Accedió sin mayor dificultad. Era mi deseo quitarle la mala impresión recibida del sacristán. Celebrada la santa misa y terminada la acción de gracias, llevé al muchacho al coro. Asegurándole que no tenía por qué temer más palos, con la cara sonriente empecé a preguntarle:
– Amigo, ¿cómo te llamas?
– Bartolomé Garelli.
– ¿De qué pueblo eres?
– De Asti.
– ¿Vive tu padre?
– No, murió ya.
– ¿Y tu madre?
– También murió
– ¿Cuántos años tienes?
– Dieciséis.
– ¿Sabes leer y escribir?
– No sé.
– ¿Has hecho ya la Primera Comunión?
– Todavía no.
– ¿Te has confesado?
– Sí, cuando era pequeño.
– Y ahora, ¿vas al catecismo?
– No me atrevo.
– ¿Por qué?
– Porque los compañeros pequeños saben el catecismo y yo tan mayor, no sé nada. Por eso tengo vergüenza de ir a la catequesis.
– ¿Y si yo te diera catecismo aparte, ¿vendrías?
– Vendría con mucho gusto.
– ¿Te gustaría que fuese aquí mismo?
– Vendría con gusto, siempre que no me peguen.
– Estate tranquilo, nadie te tocará; serás amigo mío y tendrás que vértelas sólo conmigo. ¿Cuándo quieres que comencemos nuestro catecismo?
– Cuando le plazca.
– ¿Esta tarde?
– Sí.
– ¿Quieres ahora mismo?
– Pues sí, ahora mismo con mucho gusto.
[…]
Este es el origen de nuestro Oratorio, que con la bendición del Señor, tomó tal incremento como yo nunca hubiera podido imaginar”
(Memorias del Oratorio de san Francisco de Sales, San Juan Bosco).
Unas páginas después de esta parte que he leído dice que llegaban en número de unos cuatrocientos jóvenes a recibir la formación, el cariño, la luz de Don Bosco -la luz tuya, Jesús. ¡Qué belleza! Como Tú, Señor, Tú no te cansabas de explicar tu forma de actuar; lo hacías con gran sencillez, con gran imaginación, adaptando lo que decías a los oyentes, esa multitud de personas que muchas veces estaban a tu alrededor, Señor.
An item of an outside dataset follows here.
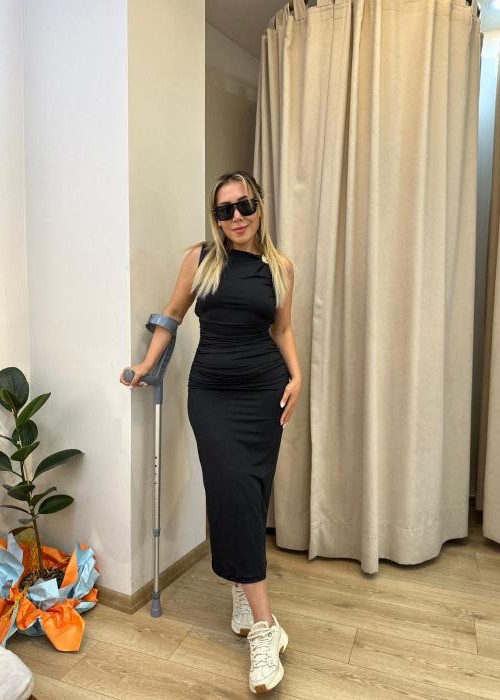 Siyah Sırt Dekolteli Midi Elbise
EL ESPÍRITU SANTO, FUENTE DE LUZ
¡Claro! Tú querías que la verdad más sublime pudiera llegar a esos entendimientos más sencillos y así facilitabas en todos la conversión, sin forzar nunca la libertad.
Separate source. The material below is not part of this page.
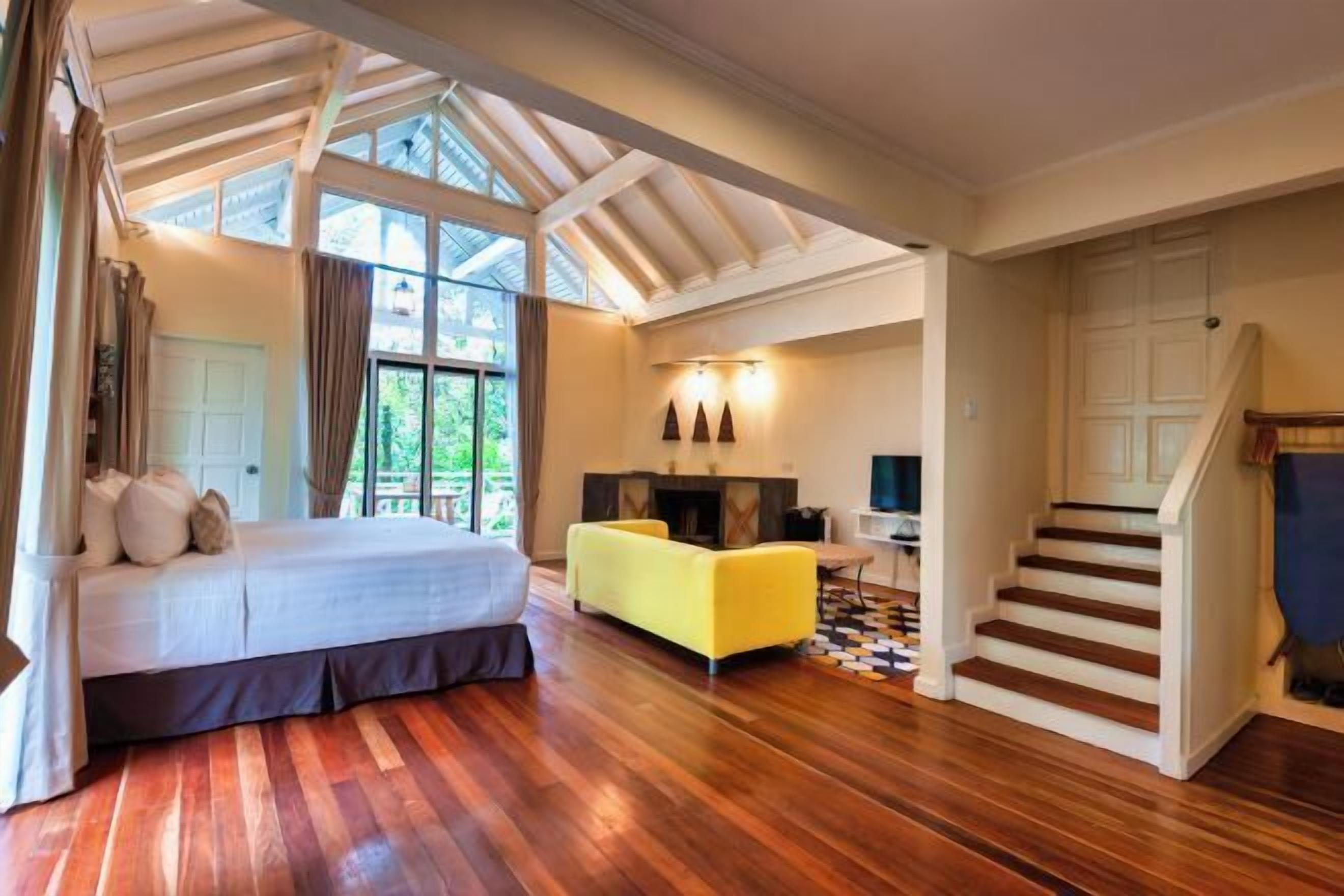 Cots/infant beds, bed sheets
Pensaba, Señor, que yo estoy aquí en Bogotá y gracias a Dios en Bogotá -y en Colombia, me atrevería a decir- hay mucha fe y hay muchas instituciones, muy buenas fuentes de piedad (los retiros, labores sociales, peregrinaciones, grupos de oración, romerías, ahora que estamos terminando este mes de mayo). Muy buenas todas esas cosas que despiertan la inquietud por seguirte a Ti, pero qué bueno -oigan el pero-, qué bueno es darle continuidad con una asidua y constante formación: recibir formación, recibir doctrina, dar formación, dar doctrina.
Vamos a terminar. Ahora, cuando nos preparamos para celebrar la Ascensión del Señor -es el próximo domingo- recordamos eso que Cristo ha subido al cielo, pero no nos ha dejado solos. Nos ha prometido el Espíritu Santo que nos conducirá a la verdad plena.
Acudimos a la Virgen, santa María, Madre y maestra de fe y Madre de la Iglesia, para que nos ayude a vivir con pasión la misión que el Señor nos confía. Que ella, que acogió dócilmente la palabra de Dios y la meditaba en su corazón, nos enseñe a acoger, a vivir y a transmitir la doctrina verdadera.
Vamos a suplicar también al Espíritu Santo, que renueve en nosotros el fuego de Pentecostés, que nos dé luz para comprender, fuerza para testimoniar y amor para evangelizar con alegría.